§ **Data for the task**
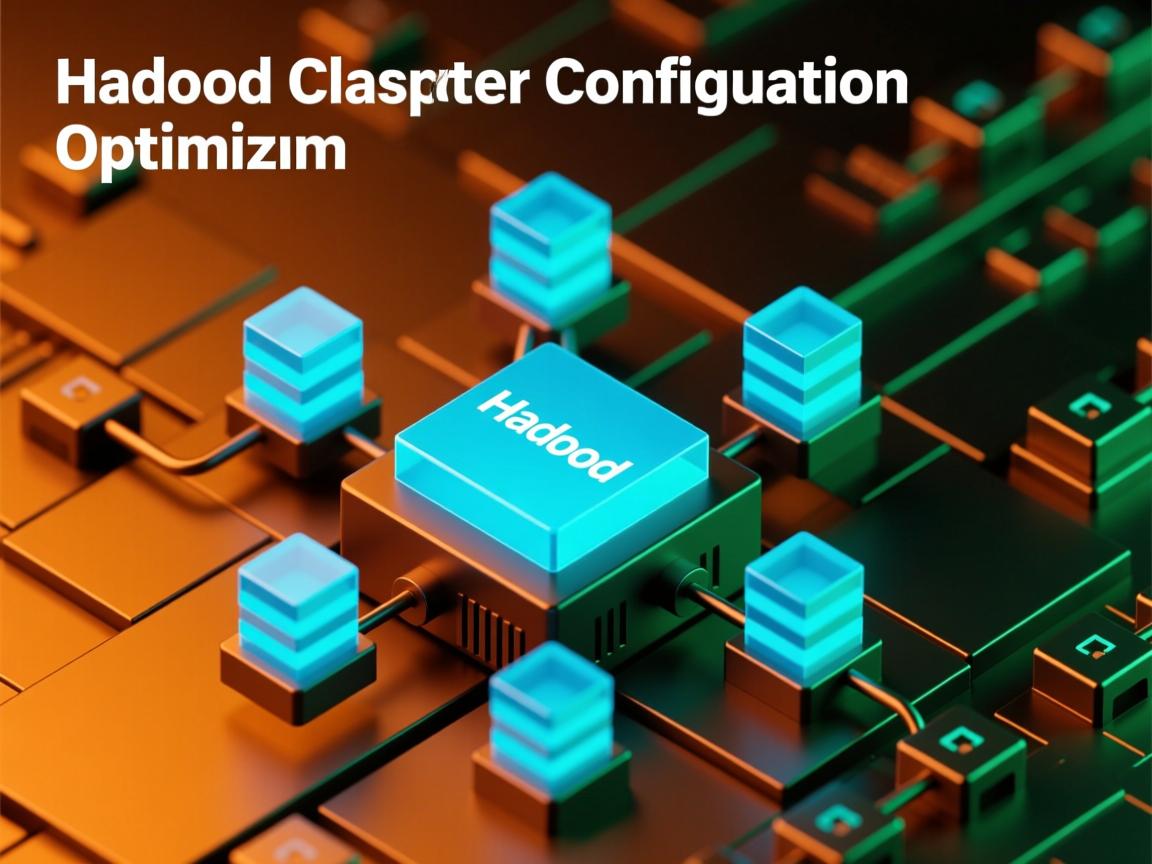 Hadoop集群配置如何优化？  第3张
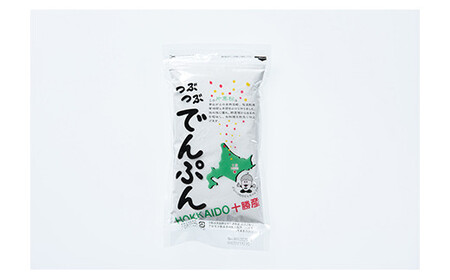 北海道十勝更別村「つぶつぶでんぷん300g」×30パック F21P-1105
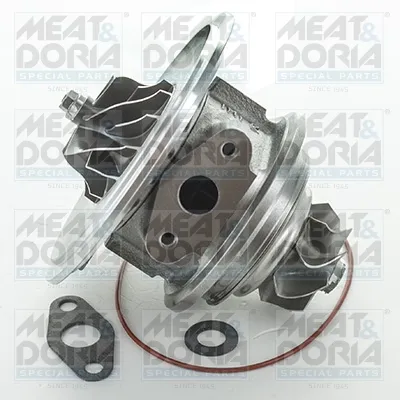 Core assembly, turbocharger Audi A3 · Audi A3 Sportback · Audi TT Roadster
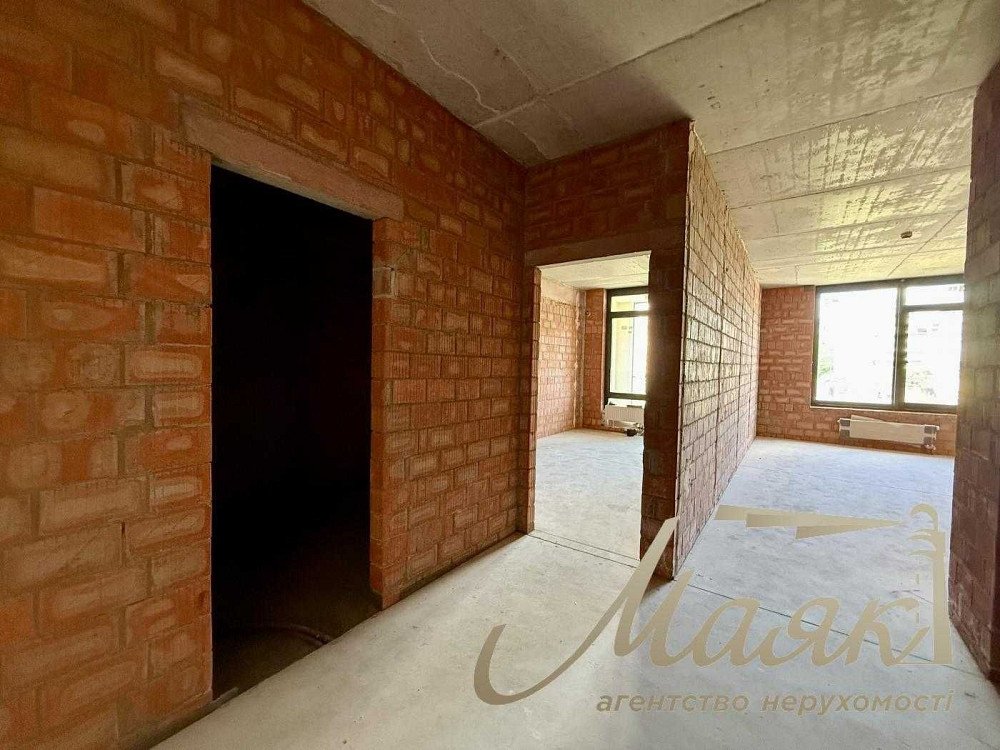 Продаж / Квартира / Печерський / Tetris Hall / 52 м2 Київ - зображення 2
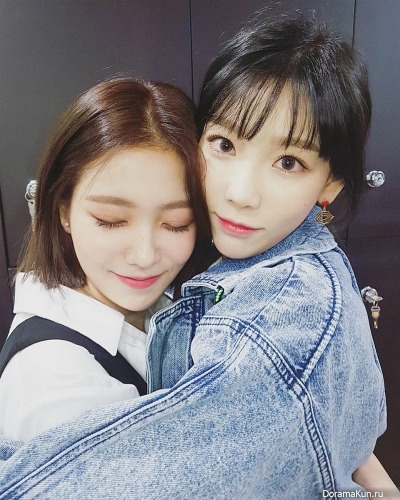 Taeyeon / Yeri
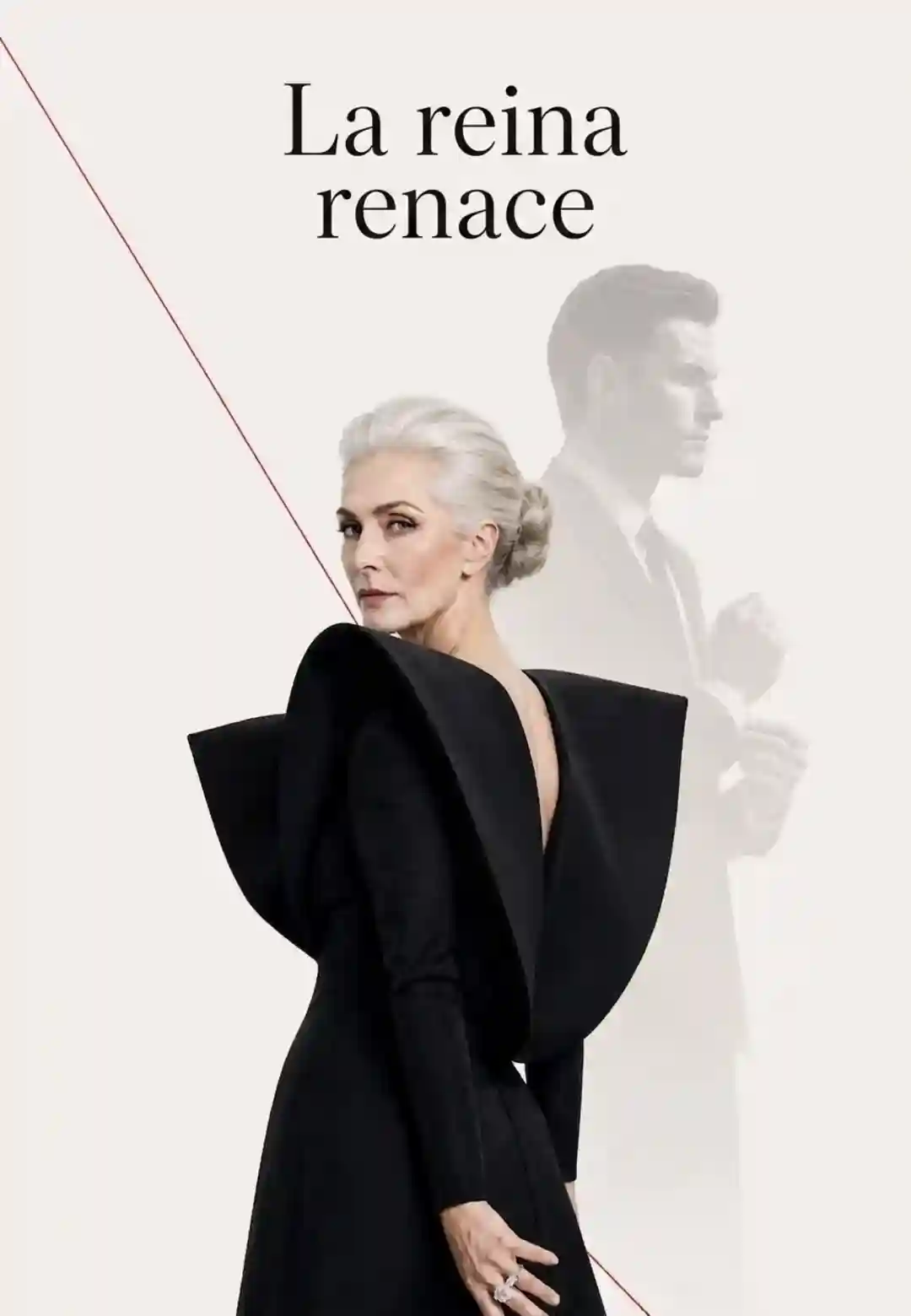 La reina renace
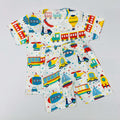 Kids Nikker Set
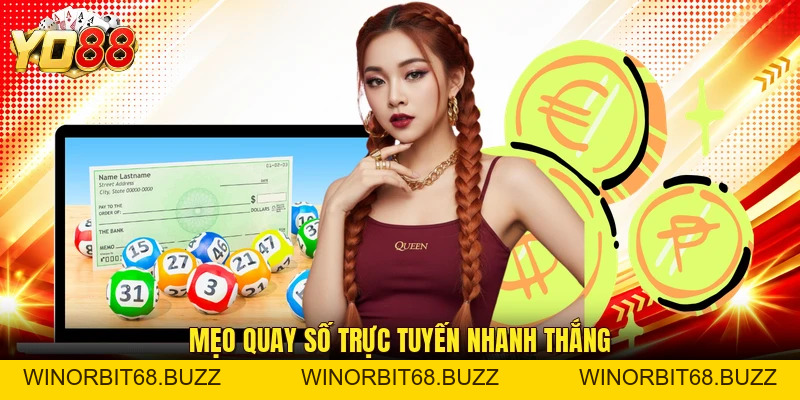 Xổ Số YO88 Cập Nhật Nhanh Cùng Nhiều Lựa Chọn Hấp Dẫn - WINORBIT68.BUZZ
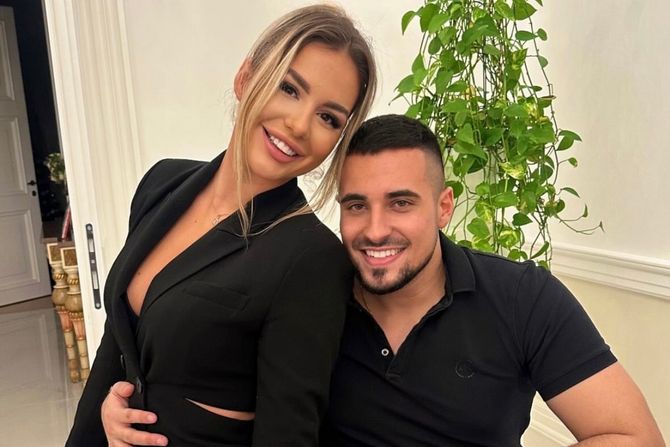 Dragana Mirković Dragana Mirković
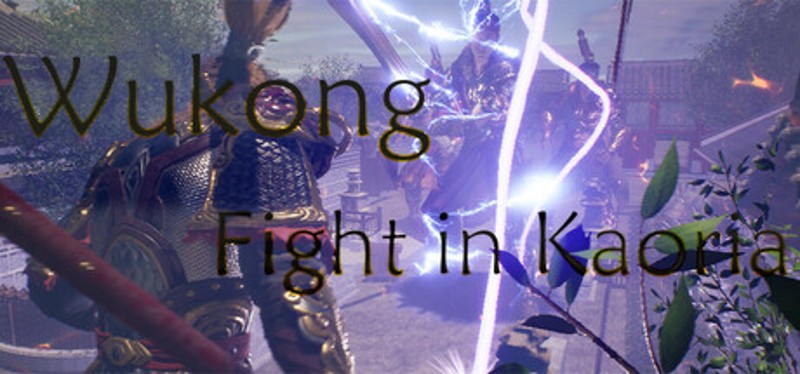 Wukong Fight in Kaoria Image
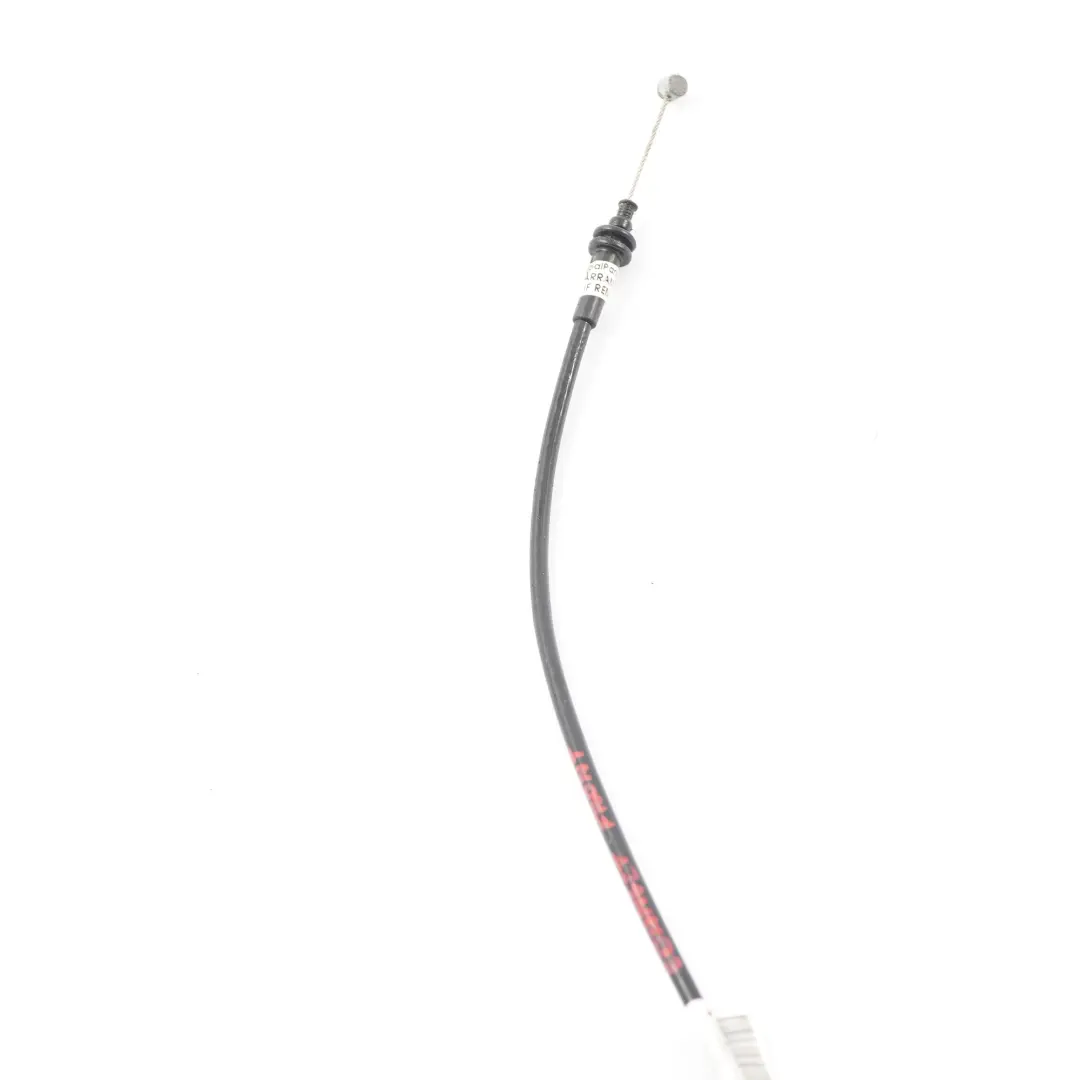 Serratura porta anteriore Bowden collegamento per Ford Transit Connect con numero di parte DT11V220B00AA Ford Transit Connect Serratura porta anteriore Bowden collegamento - SKU DT11V220B00AA-1 - Numero di parte DT11V220B00AA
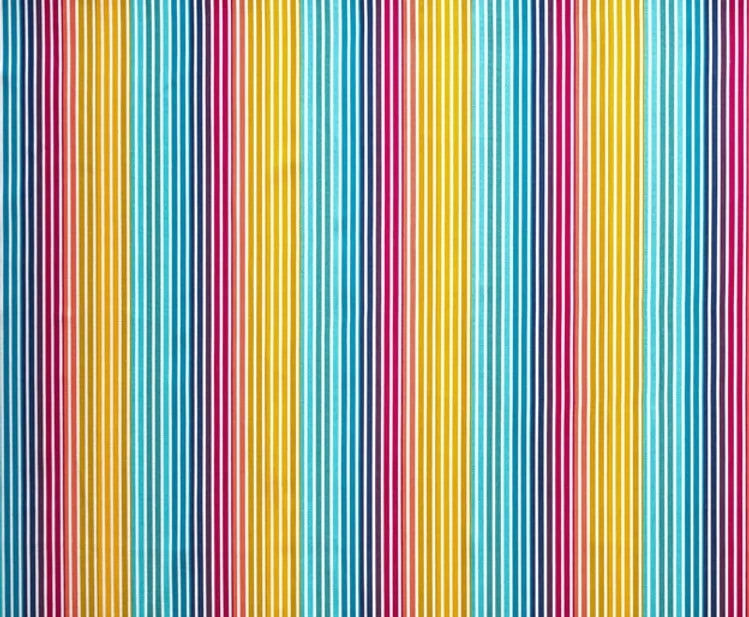 Catalina Stripe Multi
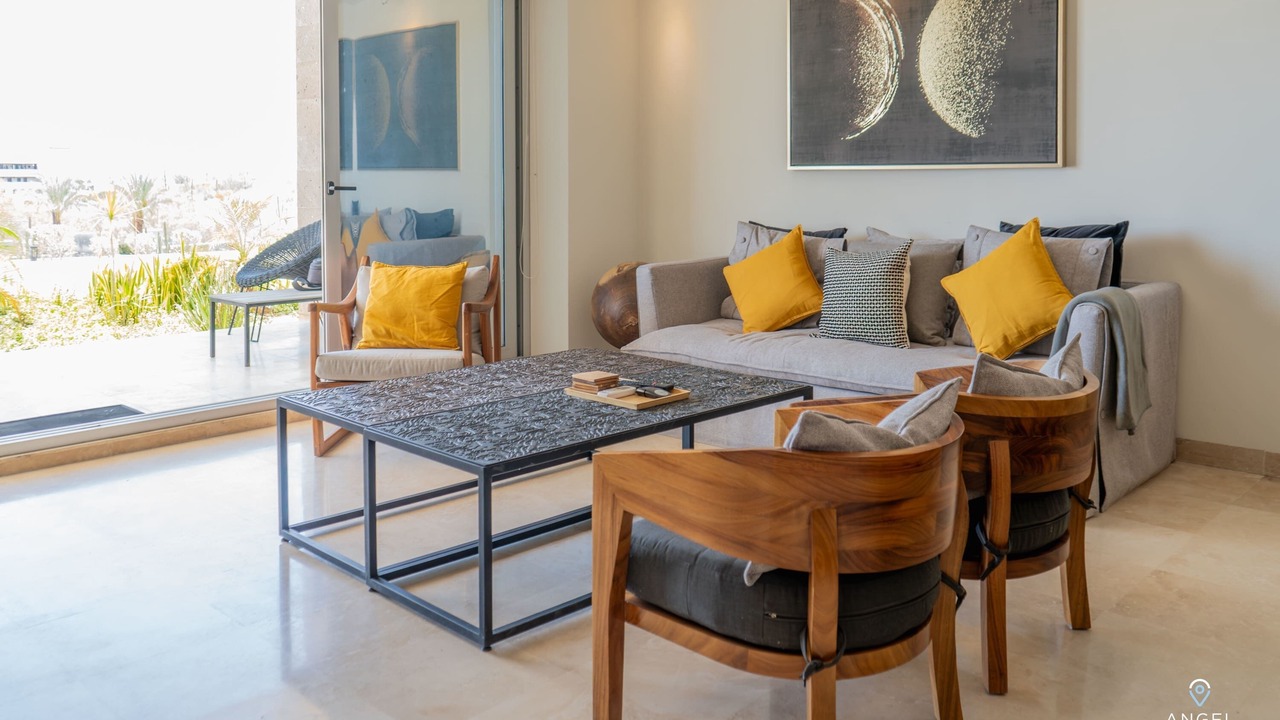 Photo of Bedroom in La Paz
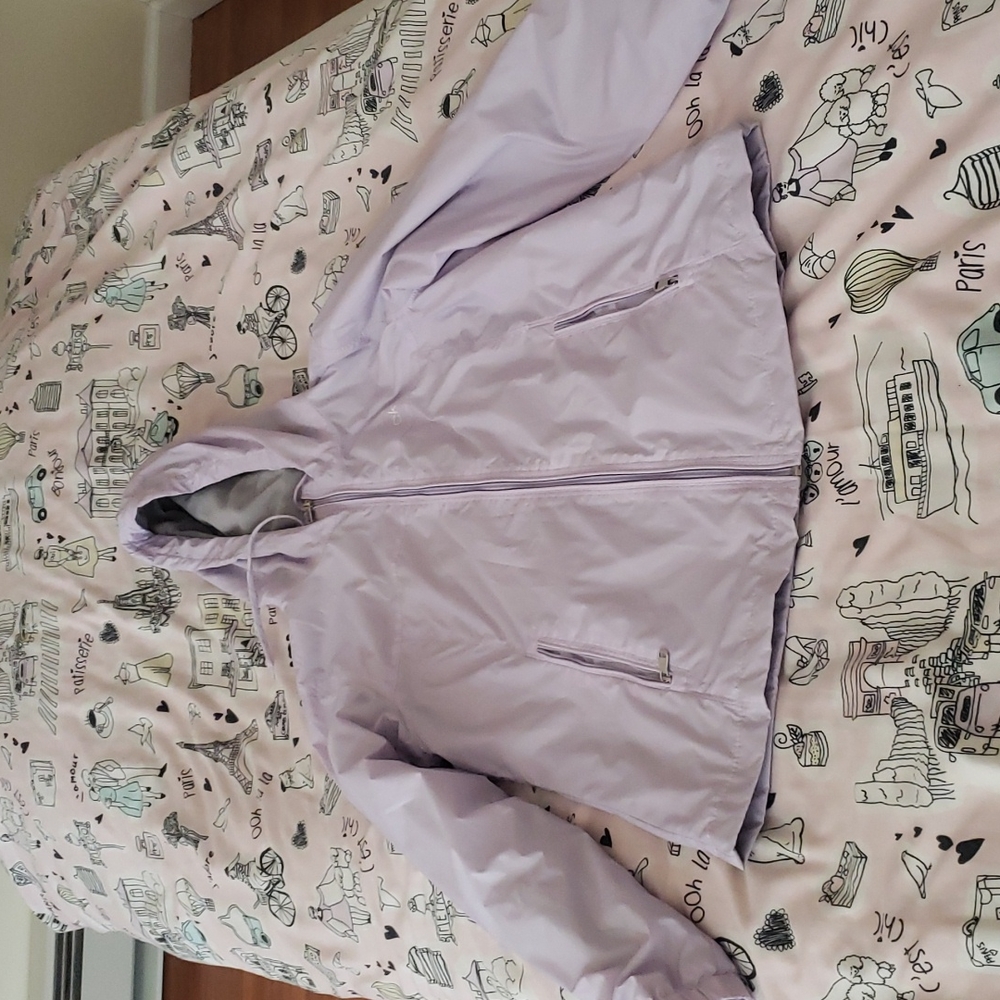 calvin Klein jacket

§ **What is being asked**
What is wanted is the listing, written out exactly, with each picture removed.

§ **Answer to the exercise**
 Hadoop集群配置如何优化？  第3张
 北海道十勝更別村「つぶつぶでんぷん300g」×30パック F21P-1105
 Core assembly, turbocharger Audi A3 · Audi A3 Sportback · Audi TT Roadster
 Продаж / Квартира / Печерський / Tetris Hall / 52 м2 Київ - зображення 2
 Taeyeon / Yeri
 La reina renace
 Kids Nikker Set
 Xổ Số YO88 Cập Nhật Nhanh Cùng Nhiều Lựa Chọn Hấp Dẫn - WINORBIT68.BUZZ
 Dragana Mirković Dragana Mirković
 Wukong Fight in Kaoria Image
 Serratura porta anteriore Bowden collegamento per Ford Transit Connect con numero di parte DT11V220B00AA Ford Transit Connect Serratura porta anteriore Bowden collegamento - SKU DT11V220B00AA-1 - Numero di parte DT11V220B00AA
 Catalina Stripe Multi
 Photo of Bedroom in La Paz
 calvin Klein jacket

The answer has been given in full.